In general, it can be concluded that assembly of aDNA is highly dependent on the amount of endogenous DNA in the sample and thus the coverage of each base (Zerbino & Birney, 2008). We are able to improve results generated by current assembly programs. However, the information gain generated by the second layer assembly is dependent on the quality of the first layer assemblies. Thus if the first layer assemblies are of low quality, the second layer assembly cannot improve them significantly. In the example of the pestis data, the second layer assembly could improve on the contigs generated in the first layer assemblies but could not create an almost perfect assembly, as was the case on the leprosy dataset where the contigs in the first layer assemblies were already of high quality. First tests showed that in order to achieve an assembly covering all but the repetitive regions continuously, the input reads should achieve at least a coverage of 10–15X, where more than 90% of the genome should be covered more than five times. Of course this is not the only criteria, which can be seen from the pestis data, so more experiments have to be done in order to identify the reasons that make the assembly of an ancient genome possible.

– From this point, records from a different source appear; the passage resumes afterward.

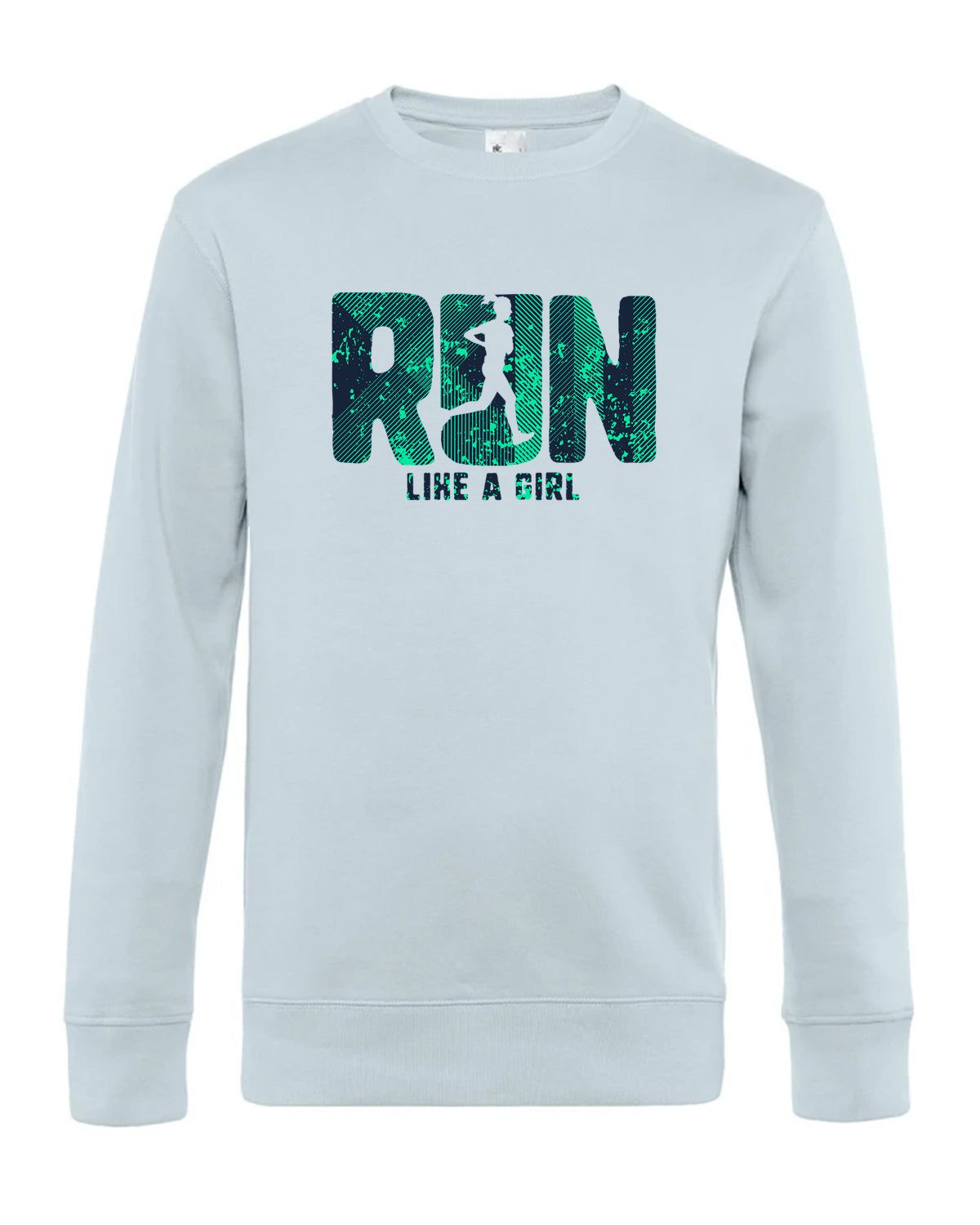 bundle-src:https://cdn.shopify.com/s/files/1/0946/1078/4639/files/WU01K_P_BC_405_01.jpg?v=1773063264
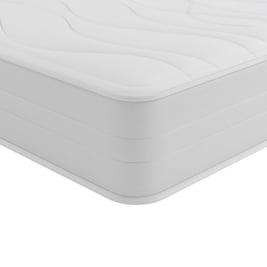 Memory Pocket 1000 Mattress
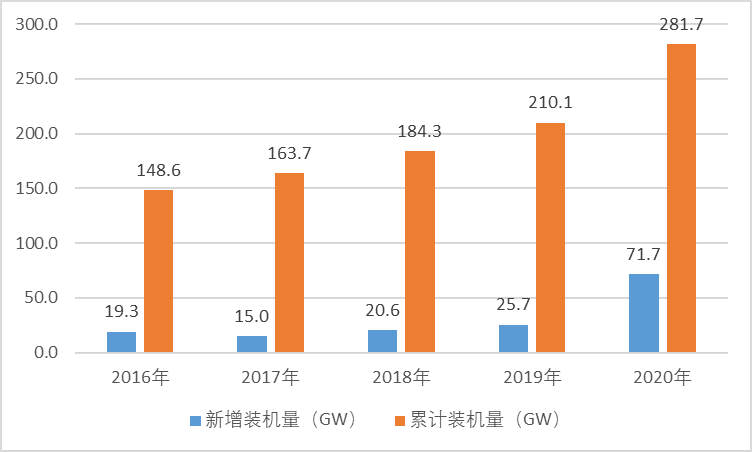 2-21040FT914241.png 2-21040FT914241.png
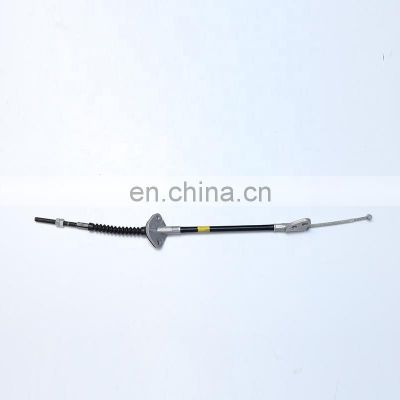 China manufacturers direct supply 46410-30690 suitable for Japanese models brake line support customization of various models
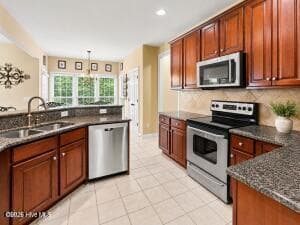 Single Family Residence at 5997 Jones Farm Road, Wake Forest, NC 27587, photo 83 of 181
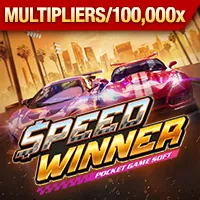 Hỗ trợ khách hàng 24/7 của mibet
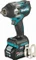 Makita TW008G XGT Akku-Schlagschrauber Vorschaubild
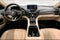 2023 Acura RDX Base SH-AWD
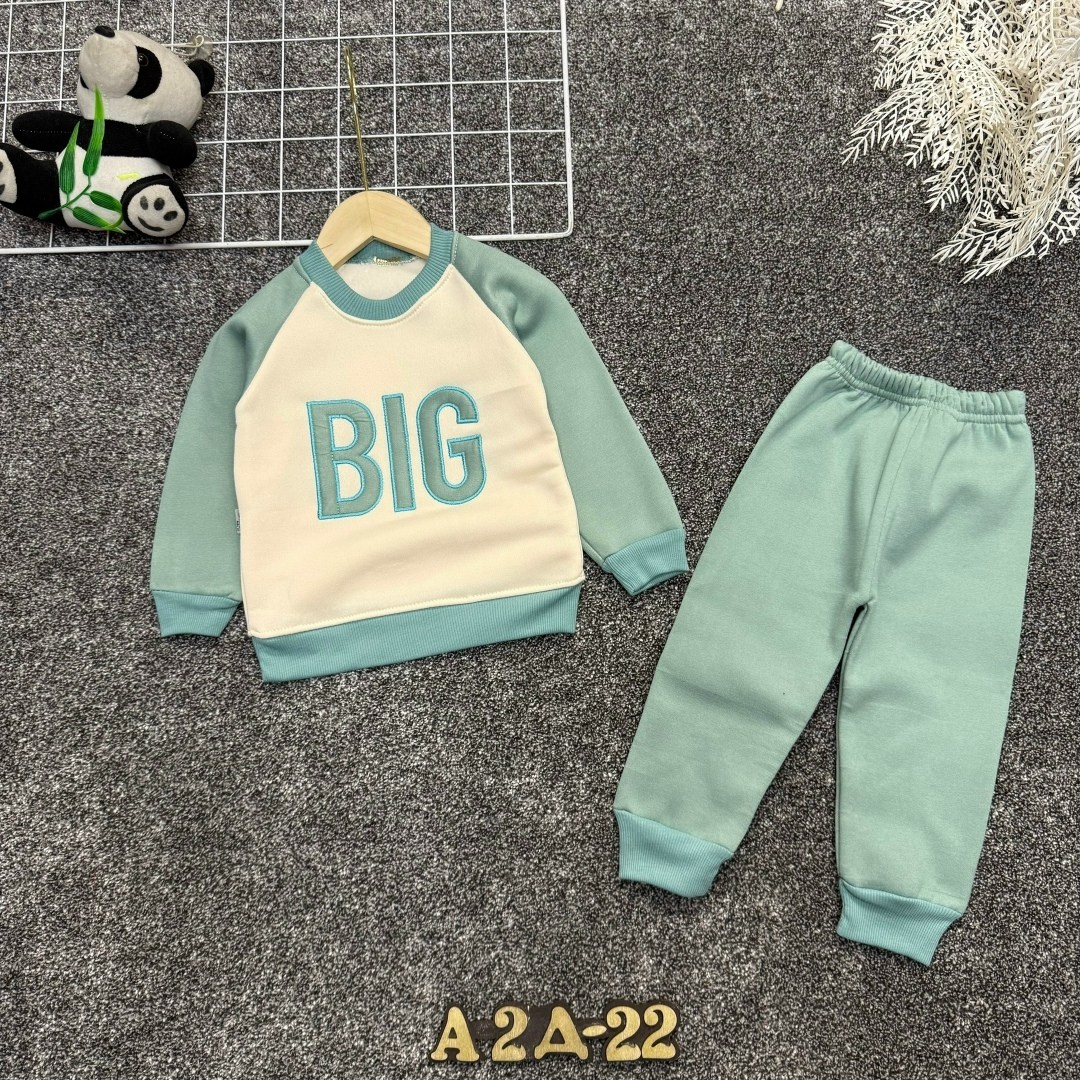 детские костюмы,костюмы спортивные для мальчика,костюмы спортивные,костюмы для мальчиков,детский костюм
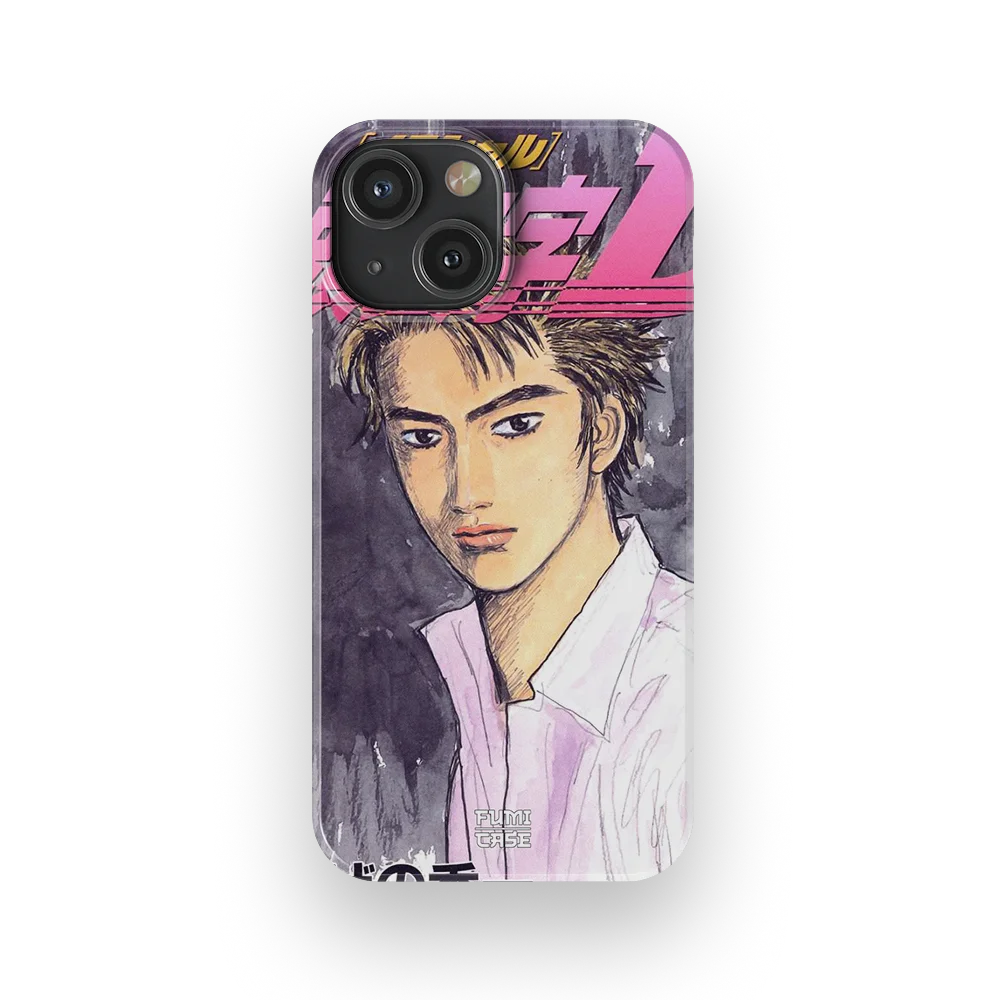 initial d vol37 slim iphone 13 mini initial d vol37 slim iphone 13 mini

The runtime scales linearly with the number of input reads, which is no problem for small bacterial datasets. Since parallelization of our pipeline is straightforward, assembly of ancient human genome samples will also be feasible.
We have shown that our approach is able to improve the assembly of ancient DNA samples. However, this approach is not limited to ancient samples. In the paper by Arora et al. (2016), we used this two-layer assembly approach on modern, hard to cultivate Treponema pallidum samples. The processing of these samples also resulted in only short fragments similar to ancient DNA. There, we were able to use our assembly approach to verify that a gene is missing in certain samples.
Software Availability
We have developed an automated software pipeline, written in JAVA which will allow other researchers to use our methodology. This pipeline is available on GitHub: https://github.com/Integrative-Transcriptomics/MADAM.
Supplemental Information
Runtime scaling of our approach
The dots show the time in min using 1,2,5,10,15.1 mio input reads. The black line shows the linear regression and the grey area depicts the 95% confidence region.